A Smoother Layer and Experience
If I want smooth, I would need to think about what we can position on the cheap. display
will cause the trifecta of not-awesome performance effects in our DOM, trigger layout, paint, composite so we need to steer clear of that if possible. A better approach would be to hint with will-change
to tell the browser “hey, I’m going to probably change this element”. Secondly, I’d need to tell setup the what of that change, so I go back to the well of transitioning with opacity, which we still get on the cheap nearly 10 years later.
A little dash of CSS in our web component shell requires telling the browser “hey, let’s make these two blocks perform a little better”. To end users—particularly those on slower devices and networks—they get a smoother overall transition to content without the abrupt shift.
/** stop moving around pesky skeleton */
div {
position: absolute;
top: 0;
width: 100%;
transition: ease-in opacity 0.3s;
z-index: 1;
}
/** cut down on the layout shift */
#outlet {
min-height: 100vh;
will-change: opacity;
transition: ease-in opacity 0.3s;
z-index: 2;
}
.show {
opacity: 1;
}
.hide {
opacity: 0;
}
Next, we’ll need to flip that state as required as people move through pages. Since I’m using lit, this is fairly straight forward. One, I always have a state property this.__showSkeleton
within my app shell (I think it’s been there for at least 3 years), so I can use classMap()

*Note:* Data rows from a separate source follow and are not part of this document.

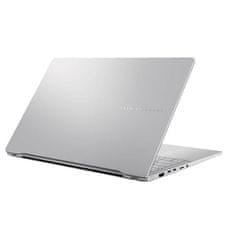 ASUS VivoBook S 15 S5507QA-MA056W prijenosno računalo (90NB14Q2-M00800)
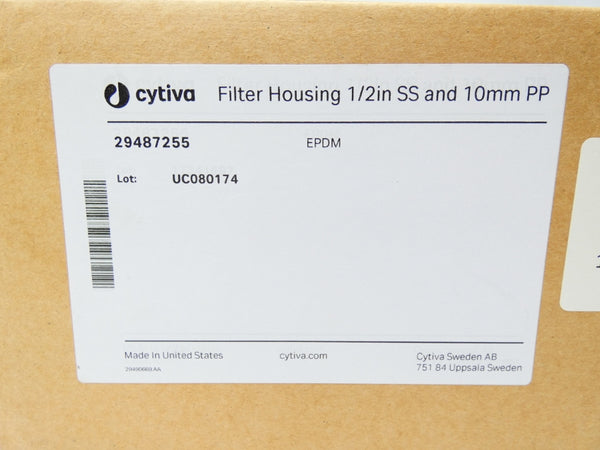 CYTIVA 29487255 NSFS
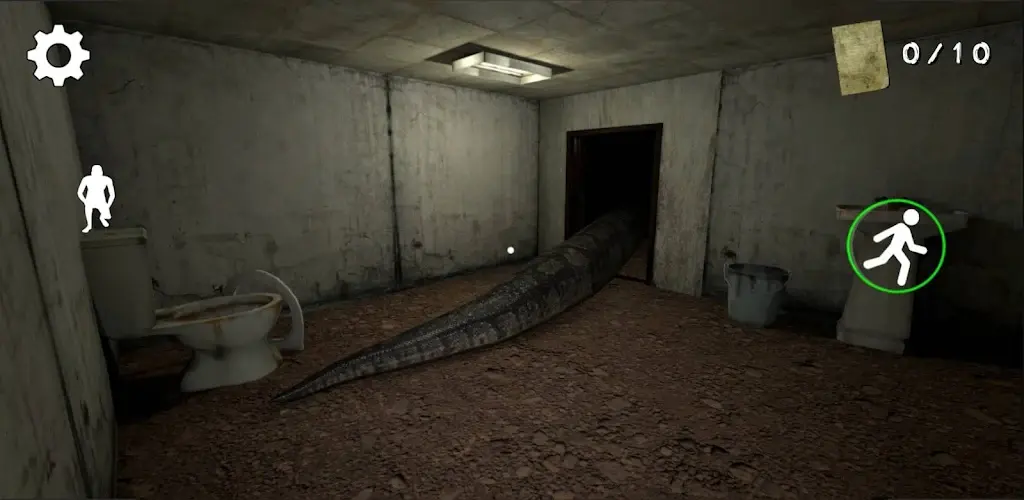 �ֲ������ڹ���2026���ذ�װv1.1 ��Ѱ�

to do the heavy lifting for me by setting up a couple of simple objects:
const clsPerfImproveOutlet = {
show: !this.__showSkeleton,
hide: this.__showSkeleton,
};
const smoothTransitionSkeletonGap = {
show: this.__showSkeleton,
hide: !this.__showSkeleton,
};
then apply that object on the respective outlet and skeleton/facade:
<section id="outlet" class=${classMap(clsPerfImproveOutlet)}></section>
<div class=${classMap(smoothTransitionGap)}>
<slot id="skeleton" name="skeleton"></slot>
</div>
The end result of this seemingly small revision—which I had admit I have had in various forms over the years in that code base—results in both CLS and LCP improvements that become not just a better score but a smoother experience for users.
Conclusions and Thoughts
It would be easy for me to blame many different factors for this regression; I was busy, the tools didn’t tell me, and so forth. I see people blame their frameworks, I see people blame the web platform, I see people blame others.

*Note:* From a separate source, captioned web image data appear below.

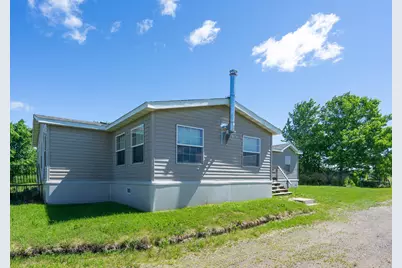 14582 420th Street, Tamarack, MN 55787 - Photo 18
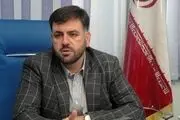 حذف مکاتبات فیزیکی در دستگاه های دولتی استان تهران در سال آینده
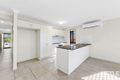 Property photo of 173 McKinnon Drive Yarrabilba QLD 4207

Such deflection is better known as a cop out and it’s a lame excuse.
In this case, I straight up broke this because I rushed a patch that wasn’t ready for prime time and then I got busy and never went back to it. Not only that, I didn’t follow the very process I put in to prevent such costly regressions.

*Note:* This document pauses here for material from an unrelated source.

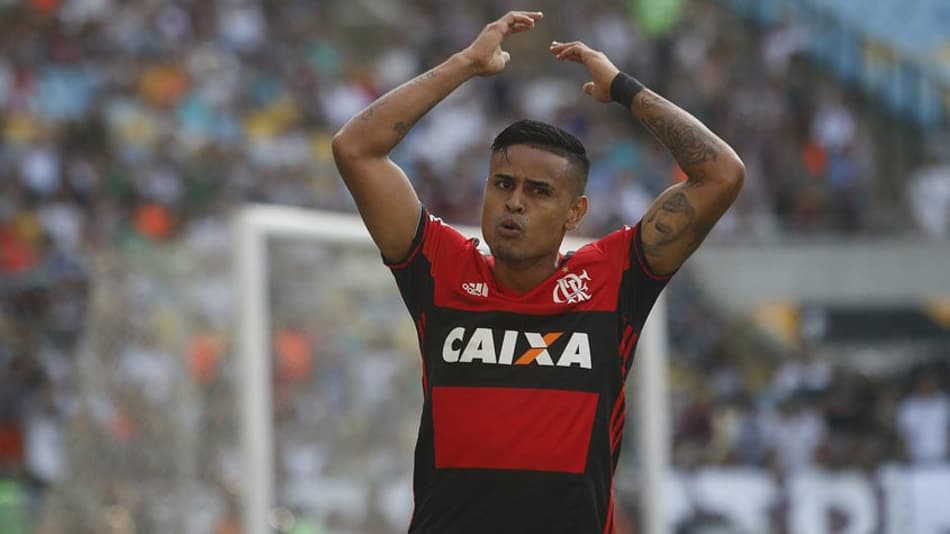 Números da Bola: Estatísticas de Fluminense 0x1 Flamengo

My web performance gate is pretty simple. My pull requests to the blog-pwa repo get deployed to Google App Engine in 1:1 environment that matches the production setup. Said temporary environment is then tested with my lighthouse github action to verify things did not go terribly wrong. If things look green, I squash the commit down and things move on.
Given the aforementioned setup this regression would have been caught before it ever reached the mainline and production.
So yes, I broke it. It was my fault. I am human and not immune from the trials and tribulations of web performance. I learn from the mistake and seek greener and faster web performance pastures.
There is always improvement to be had. Don’t be scared to look in the mirror and make the changes needed.